Jeff Zucker, the president of CNN Worldwide said in 2014, “Everyone has a blog. We’re all journalists now [1]”. This symbolizes the status quo that every single person can dispatch information to the world by SNS. Conventionally the mass media have played a role to transmit information. But with the advent of the Internet, information can easily be disseminated widely to the people by any individuals via SNS. Professional journalists are well-trained, and understand the huge impact that might be inflicted upon the society through dispatching information. The number of people and organizations in the field of journalism tends to be limited because they need to have logistics channels (e.g. newspaper, magazine, radio, TV, etc.). Therefore the range of information dissemination is relatively small, although the interpretation of information can differ depending on each media. The information is usually cross-referred among the media by the eyes of the general public, thus it is unlikely that the subjective partiality of the transmitters (the mass media, in this case) gives a strong influence on the transmitted information itself (of course it often happens that the media sort out the information; which information is more important than the other, and which should be reported or not). However, as SNS has enabled the general public to widely disseminate the information today, each one of us can play the similar role of mass media. The purposes of the information dispatch by the general public are, in most cases, to bring up some topics for communication between friends, and to simply inform friends and acquaintances of some news. But in some cases, the information is disseminated with the intention of manipulating the story under the subjective partiality of the individual. It is also possible for anybody to add his/her own opinions or beliefs to the information and to transmit it to the public. When information is transmitted in such a way, the original information and facts will inevitably change and be more or less distorted. Conventionally, it took a few months for the public opinion to be formed for certain news through the interaction between the mass media and the general public. But today, the public opinion via SNS only needs a few days or hours to be molded.Footnote 1 It sometimes results in a party’s business bankruptcy, losing jobs, or arrest on a crime. This kind of social phenomenon is called “Enjyo”.
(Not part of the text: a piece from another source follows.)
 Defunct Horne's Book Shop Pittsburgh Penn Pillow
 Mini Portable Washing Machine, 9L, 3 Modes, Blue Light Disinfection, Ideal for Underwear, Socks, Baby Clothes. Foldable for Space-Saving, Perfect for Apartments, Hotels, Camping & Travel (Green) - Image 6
On the other hand, there are possible cases in which the promotion via SNS would succeed, and there are some researches which predict the “Hit” by observing the reactions of the people on SNS [2]. To induce the Hit, it is known that not only the quality of the content and the conventional promotion, but also the direct communications (the effects on potential consumers from the player) and the indirect communications (e.g. word-of-mouth, buzz) are important. Moreover, the effectiveness of word-of-mouth is well known and it is researched widely as the method of the marketing [37]. This is why people dispatch their activities on SNS. Nevertheless, there is only a fine line between Enjyo and Hit and the dispatch on SNS can sometimes lead to the tragedies.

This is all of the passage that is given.